Roy Complain and a priest called Marapper are part of the Greene tribe. They live in Quarters – some kind of ‘made’ structure that is full of shrubs and vines and general jungle stuff but also has doors and rooms. Wanting to know who the tribe is and where they are is strongly discouraged. This doesn’t stop Complain, Marapper and a couple of others who finally decide to work out what is really going on. They embark on an adventure in the vague direction of Forwards. They discover stuff that turns their existence and beliefs on their respective heads. Excitement and adventure occurs aplenty.

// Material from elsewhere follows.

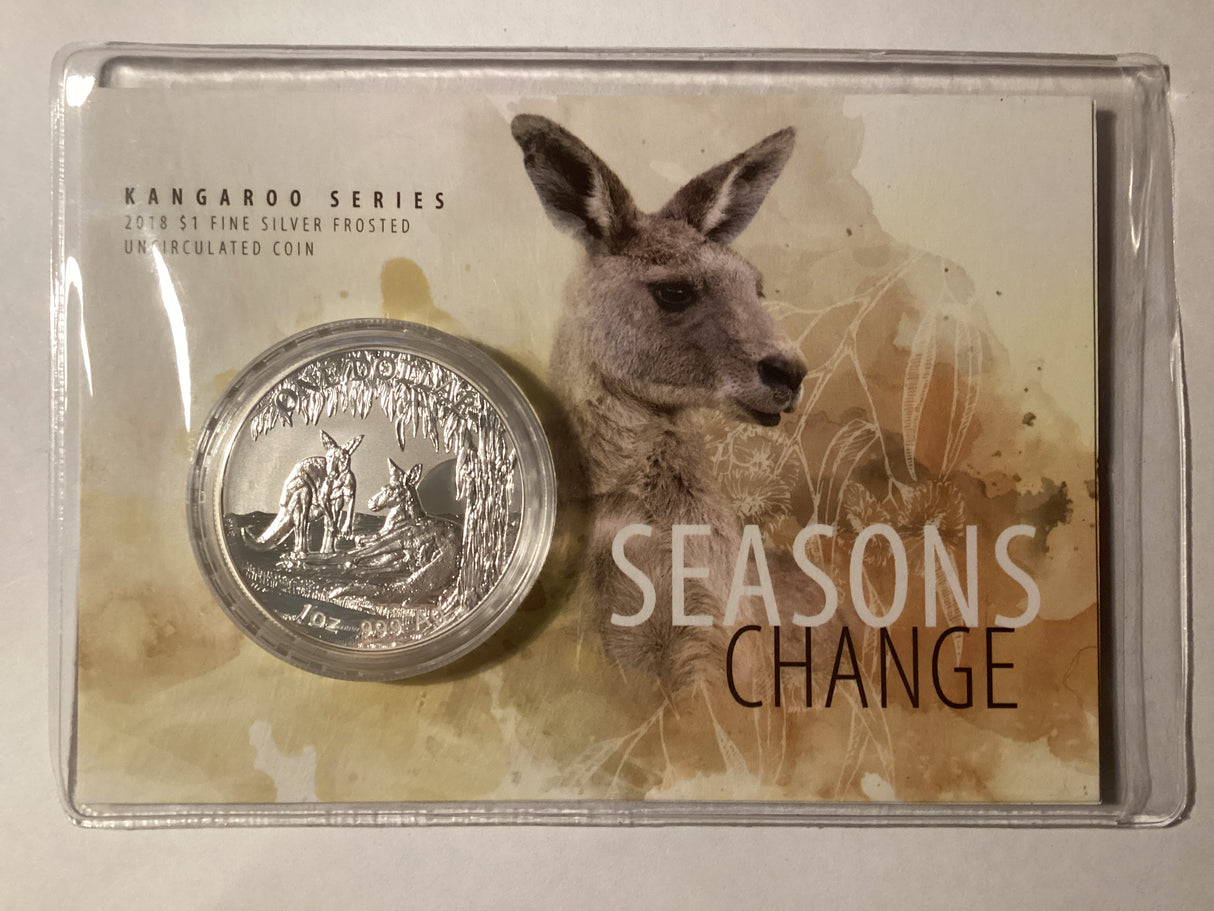 2018 $1 Frosted Uncirculated Silver Coin. Kangaroo Series. Seasons Change.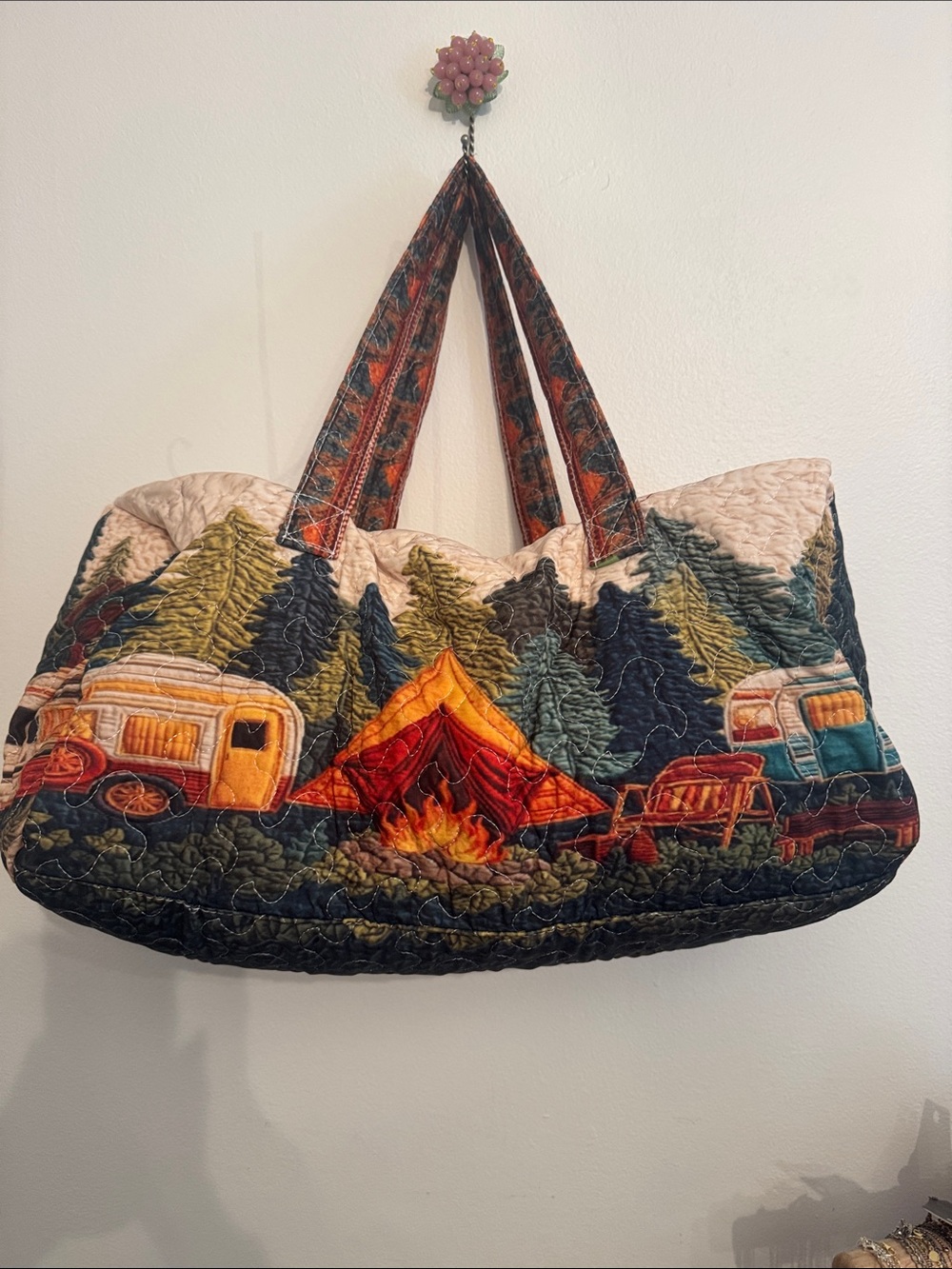 Camping Scene Quilted Tote Bag in Multi-Color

That is pretty much all I can reveal.
If you like Science Fiction from the admittedly vague ‘Golden Age of Scifi’ then you will like this. A simpler era when Scifi was more about ideas and philosophy as opposed to gadgets, cyperpunks, virtual reality, hot female killer robots or uber clever computers. (Although these are cool too.) Scifi back then was more inward looking as opposed to now. This book reminded me of a book by Harry Harrison (Golden Age) but I can’t tell you which one in case you have read it. Sorry if that makes no sense to anyone but if it does, then you know what I mean.
What I can tell you is that this book starts off quite slow. It sets a scene, albeit a slightly weird and baffling one. As the pace picks up about a quarter in, action and revelation grow equally in scale until the exiting and revelatory end. Unlike this review which pretty much amounts to: read this classic, it’s great.